* TRY IT *
The data below contains pictures, which are to be skipped; the lines starting at the line with "Telescope Folding Ladder Image" and ending at the line with "APILAKAS 50, bičių" are to be output exactly, both ends included.

* SOURCE DATA *
────────────────────────────────────────

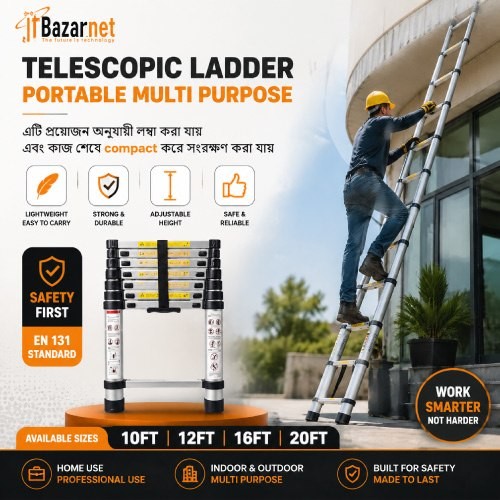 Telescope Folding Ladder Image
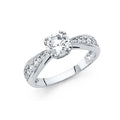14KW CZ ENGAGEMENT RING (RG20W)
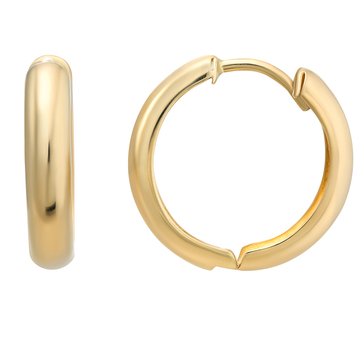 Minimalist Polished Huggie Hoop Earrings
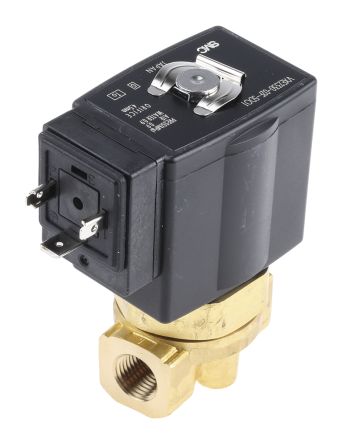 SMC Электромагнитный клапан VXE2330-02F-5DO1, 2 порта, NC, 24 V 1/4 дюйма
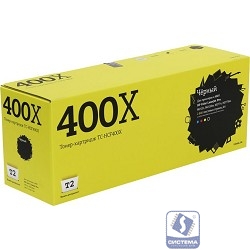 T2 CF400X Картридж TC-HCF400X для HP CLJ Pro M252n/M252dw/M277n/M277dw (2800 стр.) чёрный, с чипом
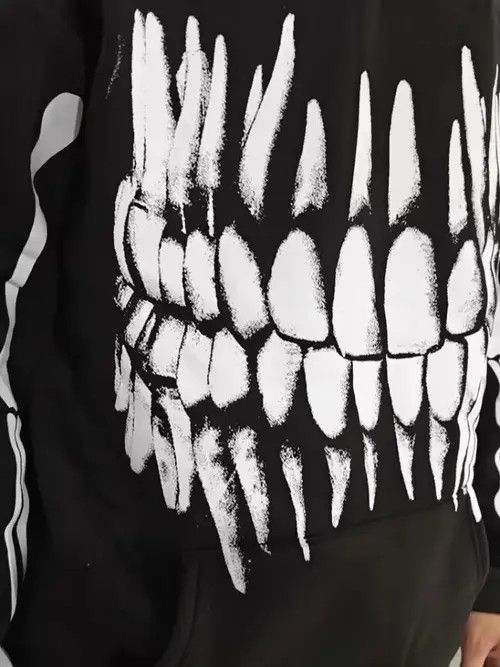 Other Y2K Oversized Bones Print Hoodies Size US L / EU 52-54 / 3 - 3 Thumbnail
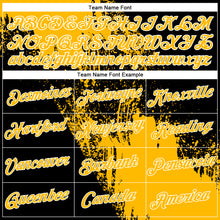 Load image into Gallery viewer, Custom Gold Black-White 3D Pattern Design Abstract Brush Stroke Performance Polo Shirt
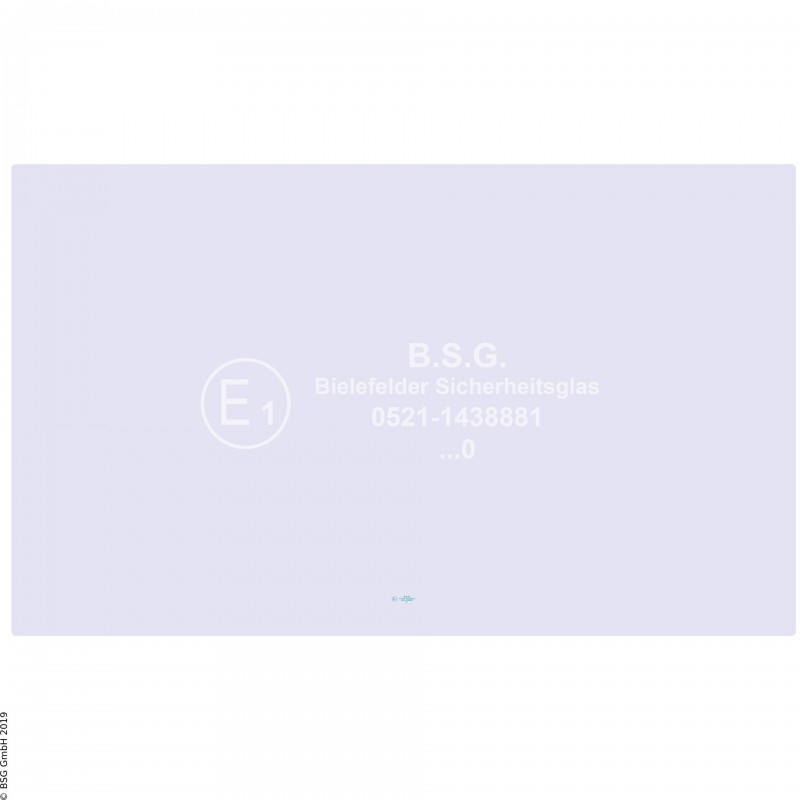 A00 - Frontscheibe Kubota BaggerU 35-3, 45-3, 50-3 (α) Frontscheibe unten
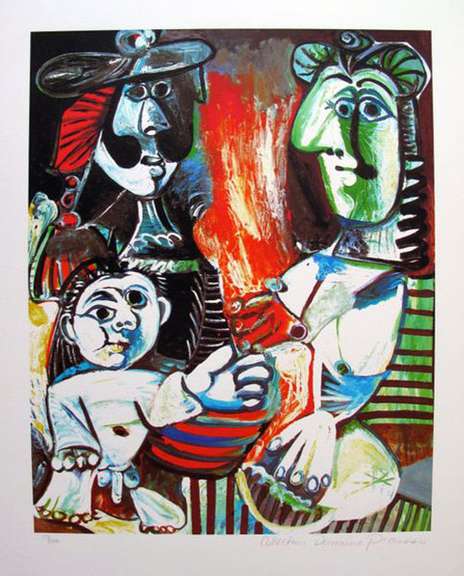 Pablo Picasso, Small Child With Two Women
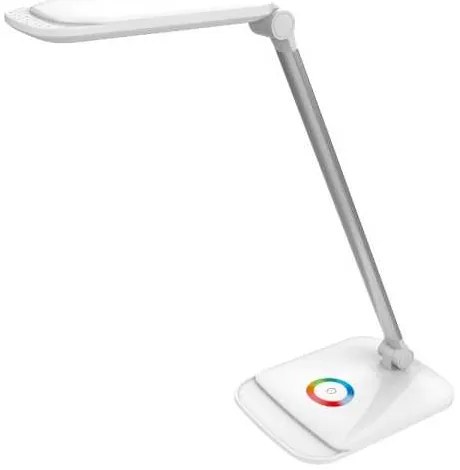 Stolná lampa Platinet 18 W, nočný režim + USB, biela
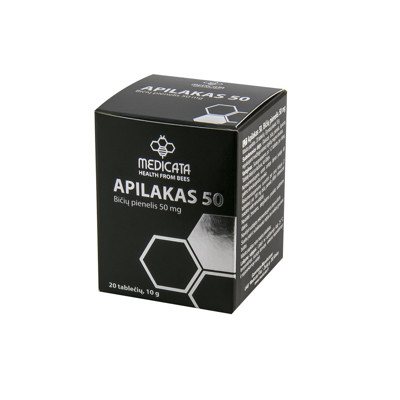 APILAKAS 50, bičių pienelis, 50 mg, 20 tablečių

────────────────────────────────────────

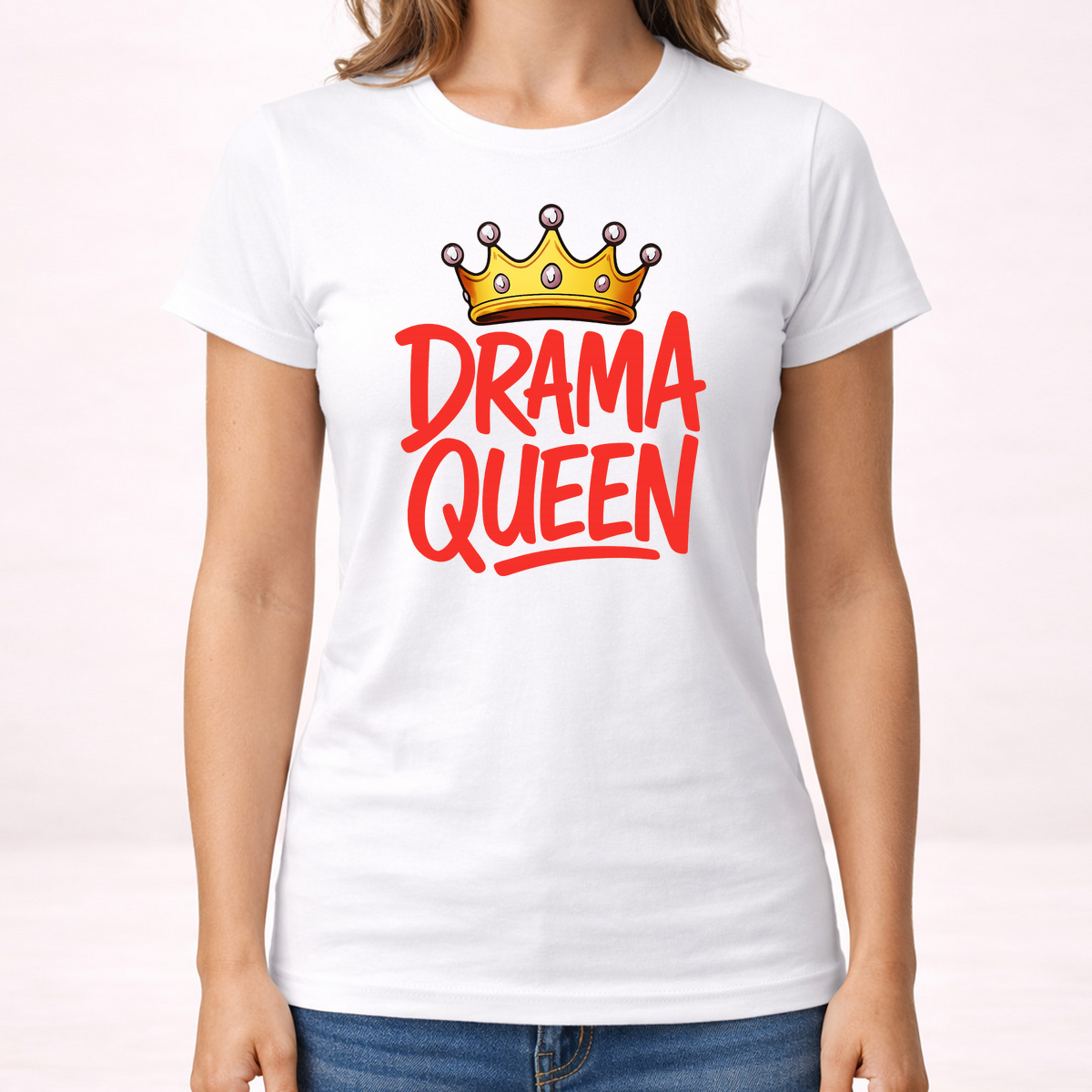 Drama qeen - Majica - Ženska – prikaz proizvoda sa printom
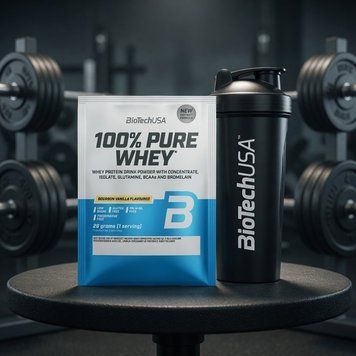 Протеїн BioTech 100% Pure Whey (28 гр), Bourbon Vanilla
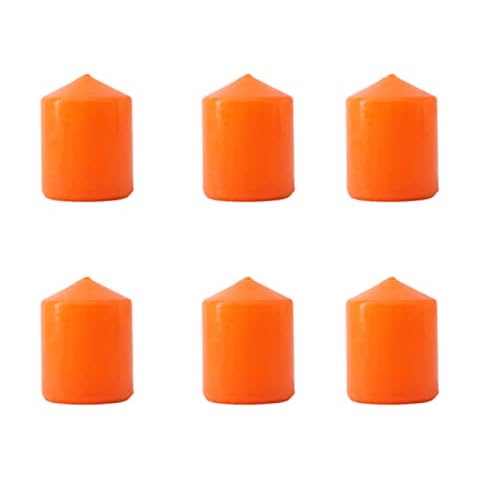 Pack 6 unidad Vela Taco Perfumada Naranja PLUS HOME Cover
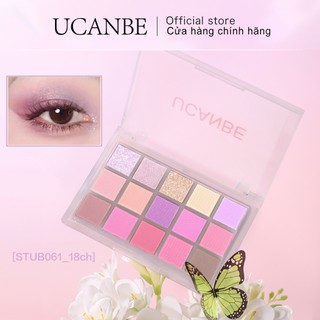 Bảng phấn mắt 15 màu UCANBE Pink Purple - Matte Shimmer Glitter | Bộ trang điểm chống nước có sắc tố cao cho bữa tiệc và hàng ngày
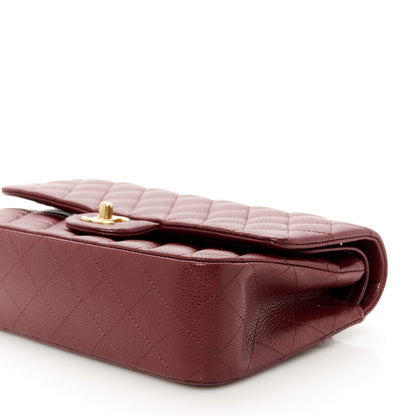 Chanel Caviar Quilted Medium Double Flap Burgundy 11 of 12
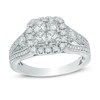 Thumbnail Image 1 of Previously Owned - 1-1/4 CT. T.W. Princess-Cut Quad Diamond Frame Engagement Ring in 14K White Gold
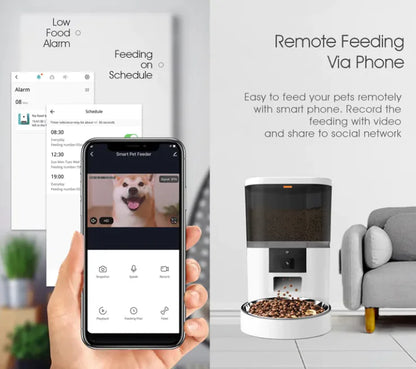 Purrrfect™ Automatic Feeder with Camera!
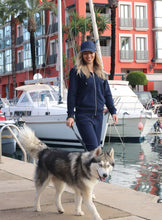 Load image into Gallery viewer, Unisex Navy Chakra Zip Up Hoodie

────────────────────────────────────────

* RESPONSE *
 Telescope Folding Ladder Image
14KW CZ ENGAGEMENT RING (RG20W)
 Minimalist Polished Huggie Hoop Earrings
 SMC Электромагнитный клапан VXE2330-02F-5DO1, 2 порта, NC, 24 V 1/4 дюйма
 T2 CF400X Картридж TC-HCF400X для HP CLJ Pro M252n/M252dw/M277n/M277dw (2800 стр.) чёрный, с чипом
 Other Y2K Oversized Bones Print Hoodies Size US L / EU 52-54 / 3 - 3 Thumbnail
 Load image into Gallery viewer, Custom Gold Black-White 3D Pattern Design Abstract Brush Stroke Performance Polo Shirt
 A00 - Frontscheibe Kubota BaggerU 35-3, 45-3, 50-3 (α) Frontscheibe unten
 Pablo Picasso, Small Child With Two Women
 Stolná lampa Platinet 18 W, nočný režim + USB, biela
 APILAKAS 50, bičių pienelis, 50 mg, 20 tablečių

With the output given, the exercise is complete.